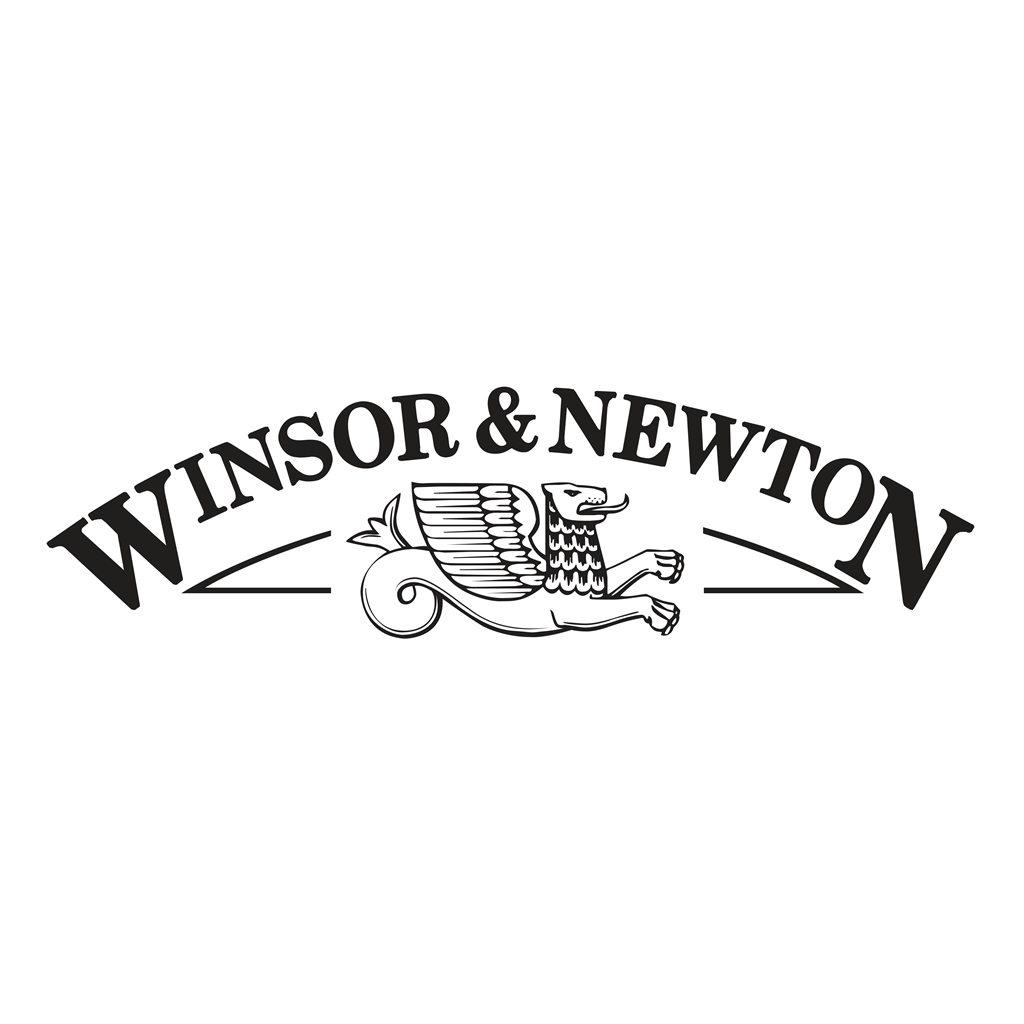 Winsor & Newton logotype, transparent .png, medium, large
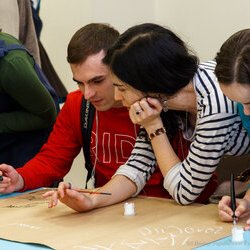Відкриття виставки «Філософія каліграфії», 12 січня 2018 р.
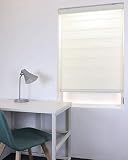 TAKIBLIND オーダーメイド 調光 ロールスクリーン (0.5cm単位 サイズ指定無料) ロール カーテン ブラインド (W60 x H90(cm), アイボリー)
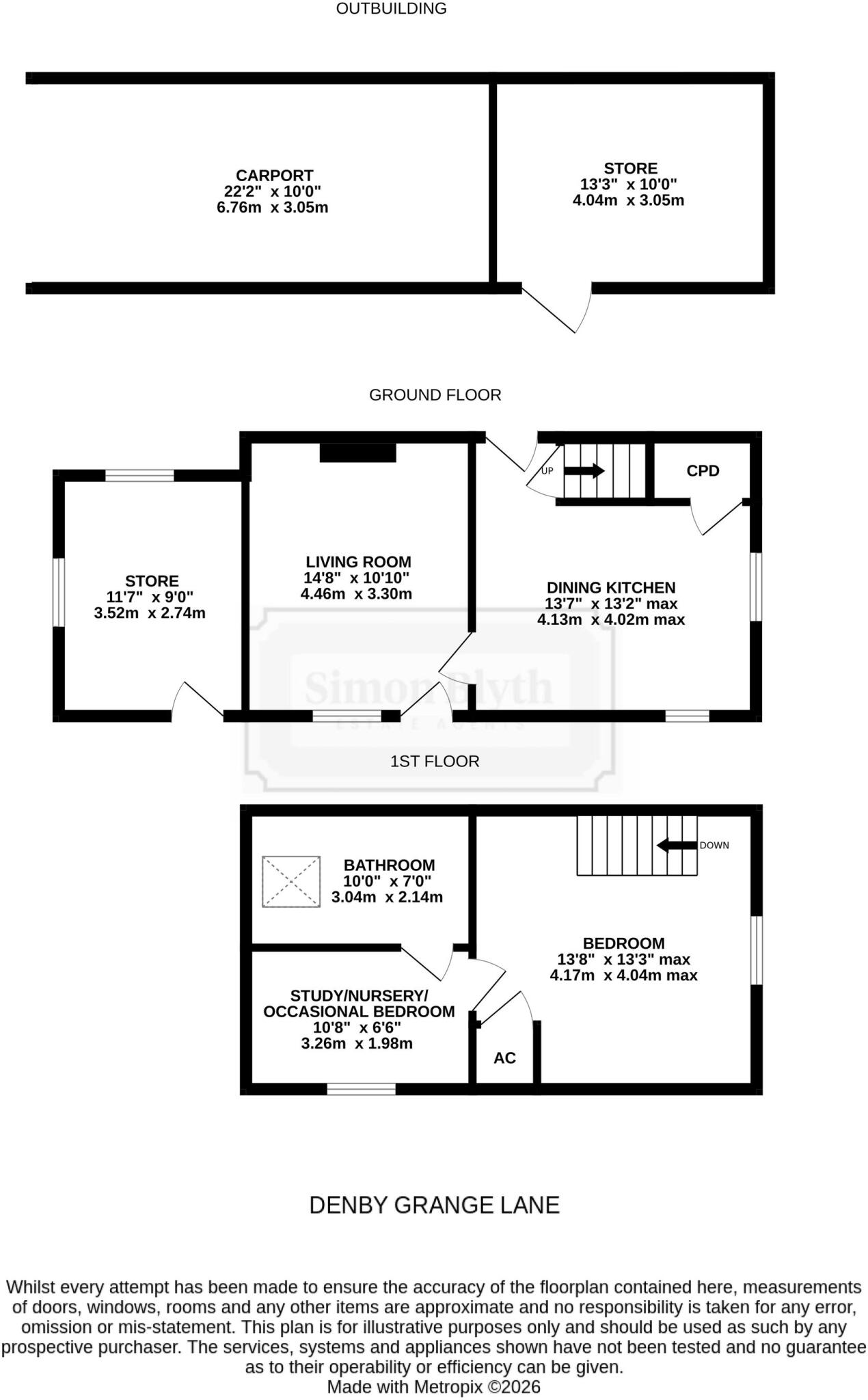 Gamekeepers Cottage, off Denby Grange Lane, Grange Moor, WF4 floorplan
________
_Problem statement:_ What you need to copy is the run of lines from the one holding "січня 2018 р." through the end of the data, exactly and only, both ends included, pictures omitted.

_Response area:_
Відкриття виставки «Філософія каліграфії», 12 січня 2018 р.
 TAKIBLIND オーダーメイド 調光 ロールスクリーン (0.5cm単位 サイズ指定無料) ロール カーテン ブラインド (W60 x H90(cm), アイボリー)
 Gamekeepers Cottage, off Denby Grange Lane, Grange Moor, WF4 floorplan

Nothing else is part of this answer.